Selbstbestimmung statt Entmündigung: Ein Jahr nach dem Inkrafttreten des Erwachsenenschutz-Gesetzes lässt sich eine erste, positive Bilanz ziehen.

Mit 1. Juli 2018 wurden alle Sachwalterschaften in Österreich – man geht von rund 55.000 aus – automatisch zu gerichtlichen Erwachsenenvertretungen (EV). Innerhalb von fünfeinhalb Jahren muss jede ehemalige Sachwalterschaft dahingehend überprüft werden, ob unter den neuen Kriterien weiterhin eine gerichtliche Vertretung nötig ist. Spätestens mit Anfang 2024 enden alle bis dahin nicht überprüften übergeleiteten Vertretungen.
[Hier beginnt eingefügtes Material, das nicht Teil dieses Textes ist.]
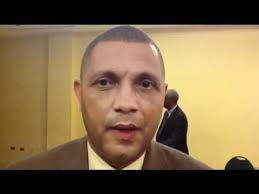 Le Ministre de l'Éducation Reginald Paul explique le Sommet de L'éducation.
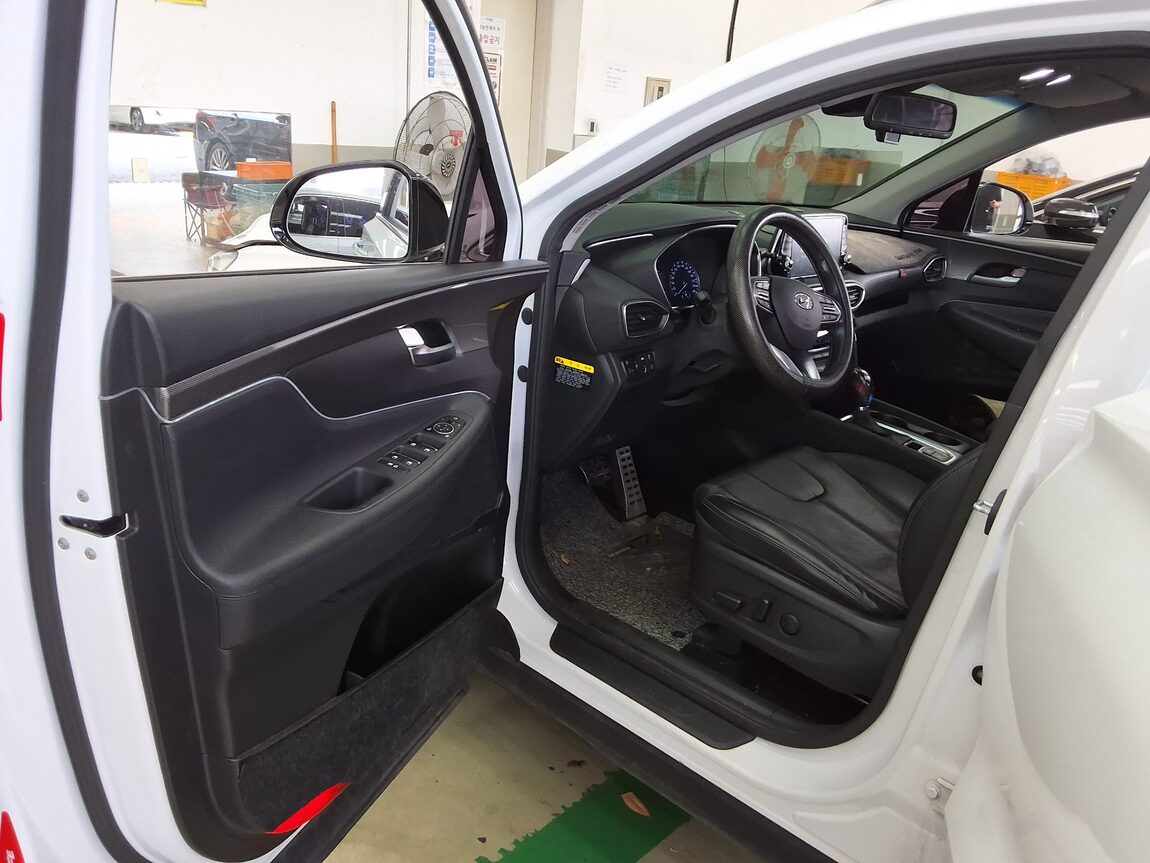 HYUNDAI SANTA FE (TM) R2.0 2WD EXCLUSIVE 2019 - zdjęcie 10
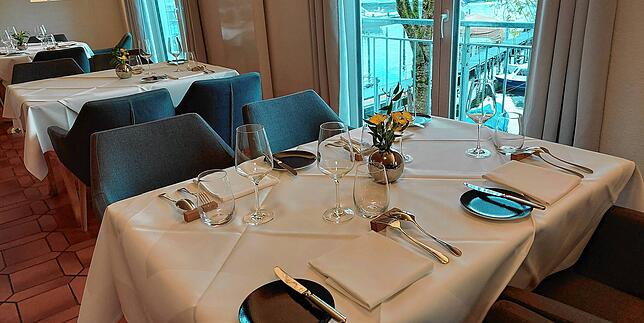 Einen schön gedeckten Tisch, richtiges Besteck und Geschirr sowie die Bedienung durch den Service: Das alles müssen die Gastwirte ...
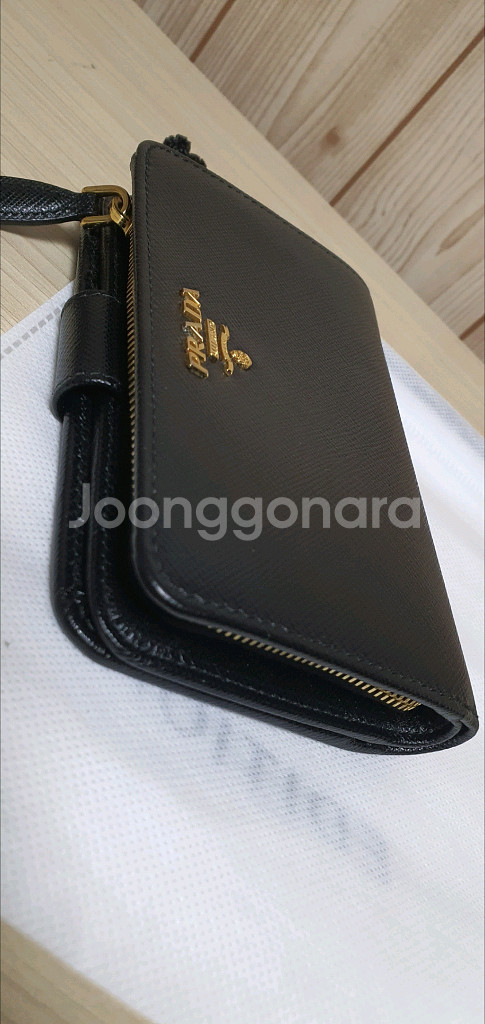 프라다 사피아노 반지갑 정품S급(감정O)루이비통구찌디올--4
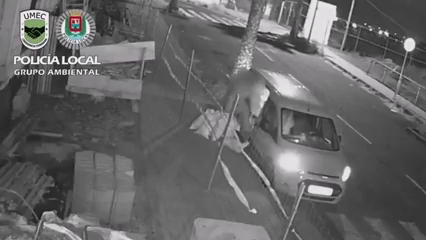 Le caen 2.000 euros en Gran Canaria por abandonar escombros en la calle y ponerse a orinar en la acera Le caen 2.000 euros en Gran Canaria por abandonar escombros en la calle y ponerse a orinar en la acera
Selbstbestimmung statt Entmündigung

Ein Jahr nach dem Inkrafttreten des Erwachsenenschutz-Gesetzes lässt sich eine erste, positive Bilanz ziehen: Denn neu ist, dass die Geschäftsfähigkeit der betroffenen Personen grundsätzlich erhalten bleibt. Anstatt entmündigt zu werden, können sie trotz EV – soweit situativ entscheidungsfähig – weiterhin selbstbestimmt handeln. Allerdings sind die neuen Möglichkeiten noch zu wenig bekannt, weshalb eine Beratung durch einen der vier in Österreich tätigen Erwachsenenschutzvereine ratsam ist.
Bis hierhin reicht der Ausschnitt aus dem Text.